Researchers have called for a reassessment of how GPs use free drug samples, after studies found a high level of wastage, expired stock and concerns about their influence on prescribing.
In an audit of 20 GPs, University of Queensland researchers found that the doctors had free pharmaceutical samples worth thousands of dollars. “In all cases we found large quantities of expired stock”, school of pharmacy lecturer Dr Lisa Nissen said.
Some GPs found it “more of a hassle than a help” to use the samples, because they did not know how to label them to meet legal requirements, Dr Nissen said.

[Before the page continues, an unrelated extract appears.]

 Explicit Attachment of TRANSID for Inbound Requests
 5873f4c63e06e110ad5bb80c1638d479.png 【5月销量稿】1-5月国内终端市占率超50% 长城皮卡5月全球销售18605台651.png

She called for a reassessment of the way drug companies supplied samples to reduce wastage and better meet GP needs.
In a related study to be presented at the National Medicines Symposium in Brisbane this week, University of Queensland research student Kristine Hall found the profession divided on the issue of accepting samples.
Samples were valued in after-hours settings when patients did not have access to a pharmacy, responses from 222 urban and rural GPs to a mailed survey showed. GPs also liked using samples for starting patients on a new medication.
However, many GPs refused to accept samples, or accepted only drugs that were relevant to their practice, and nearly one-third conceded that samples influenced their prescribing.
Some doctors felt that samples were a part of drug company advertising, and not necessarily useful to them in their prescribing, Dr Nissen said.